Sabarmati Central Jail
- Location: Sabarmati, Ahmedabad, Gujarat, India; 23°04′30″N 72°35′03″E﻿ / ﻿23.074885°N 72.584114°E;
- Status: Operating
- Security class: Maximum
- Capacity: 530
- Opened: 1895
- Managed by: Department of Gujarat Prisons, Government of Gujarat

= Sabarmati Central Jail =

Main prison of Ahmedabad, Gujarat, India

Sabarmati Central Jail is the main prison in Ahmedabad in Gujarat. It was established in 1895. Mahatma Gandhi was imprisoned there for a few days in 1922.

The prison is the hub of various activities for Reformation, Rehabilitation and Reintegration of Prisoners. Educational Institutes like IGNOU and BAOU are giving all correspondence courses to prisoners.

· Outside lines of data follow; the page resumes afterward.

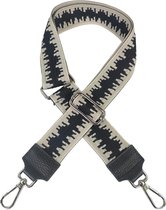 Qischa® Bag strap - Tassenriem - Schouderband - Schouderriem - Tassen Riem - Tas Hengsel - Verstelbare Riem - zwart, beige - zilver hardware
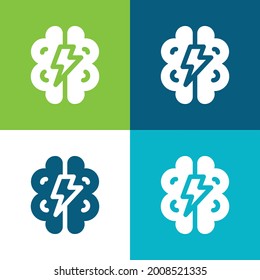 Brainstorming Flat Vier Farbe minimale Icon Set
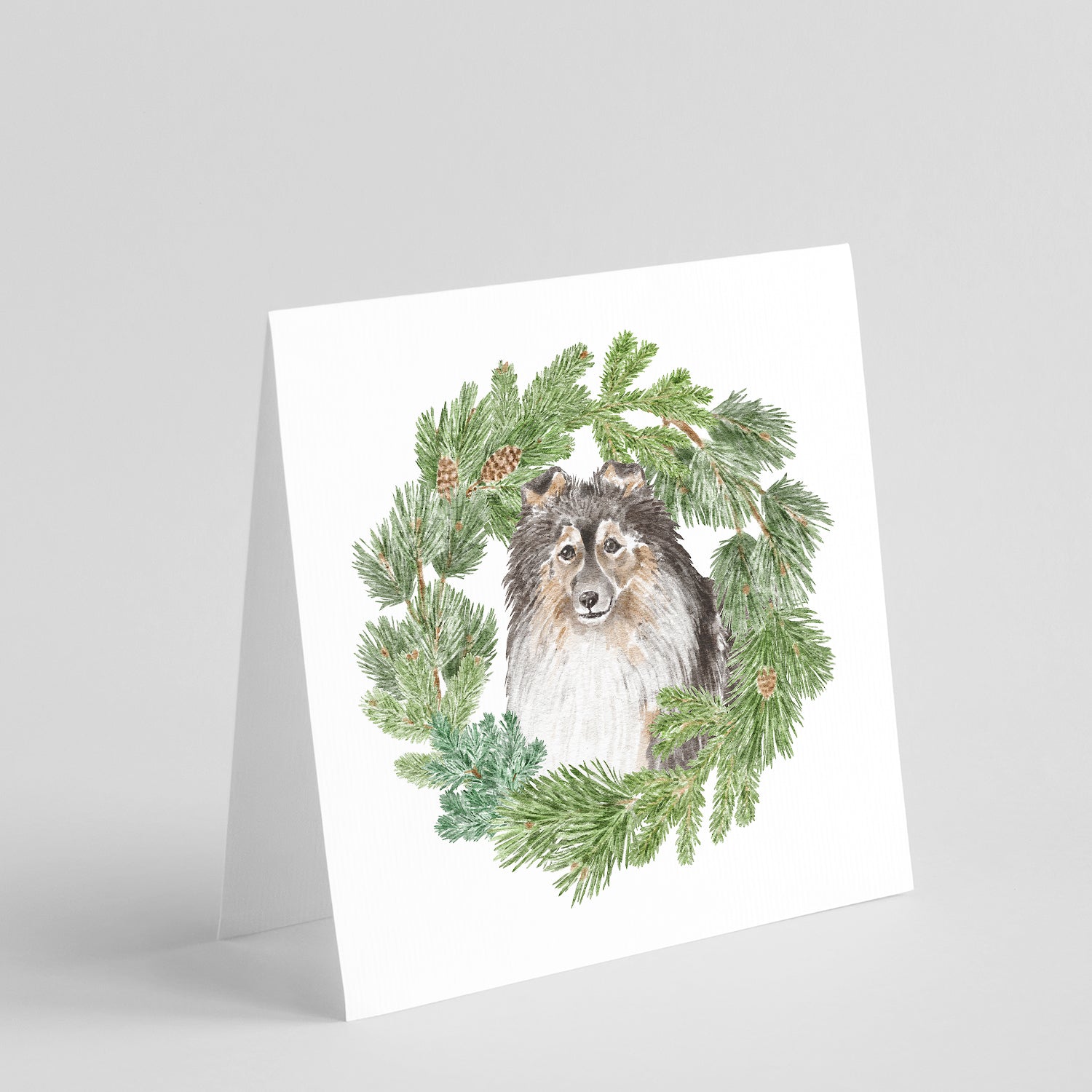 Sheltie/Shetland SheepdogTricolor Smiling #2 Christmas Wreath Square Greeting Cards and Envelopes Pack of 8 Blank Cards with Envelopes Blank Thank You Note Greeting Cards Stationery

Spiritual Organizations of the Country like Patanjali Yogapeeth, Art Of Living, Ramkrishna Mission, ISKCON, Chinmay Mission, All World Gayatri Pariwar, Arya Samaj, Swadhyay Parivar, Isha Yoga Foundation, Brhmakumari, Bharat Sevashram Sangh, Shrimad Rajchandra Mission etc. are giving lectures, seminars, workshops and diving training.

Sanskrit Revival in Ahmedabad Central Prison, Gujarat, India : An Initiative Taken by Sri Prashant Gohil [DySP ( Prison), Gujarat Prisons & Member of Global Uniform Services Welfare Committee ] in 2015 by Organizing EASY SANSKRIT SPEAKING SEMINAR & Sanskrit Revival & Vedanta : The New Height of Indian Heritage in Indian Prisons at Prison Auditorium. Noted Participants like Recent Gujarat DGP Sri P P Pandey, IPS and Ex DIG Sri D G Vanzara, IPS under Consultancy of Sri Himanjay Paliwal, Organization Secretary, Sanskritbharati, Gujarat. Then Chief Minister and now Prime Minister Sri Narendra Modi Congratulates the Venture of Knowledge.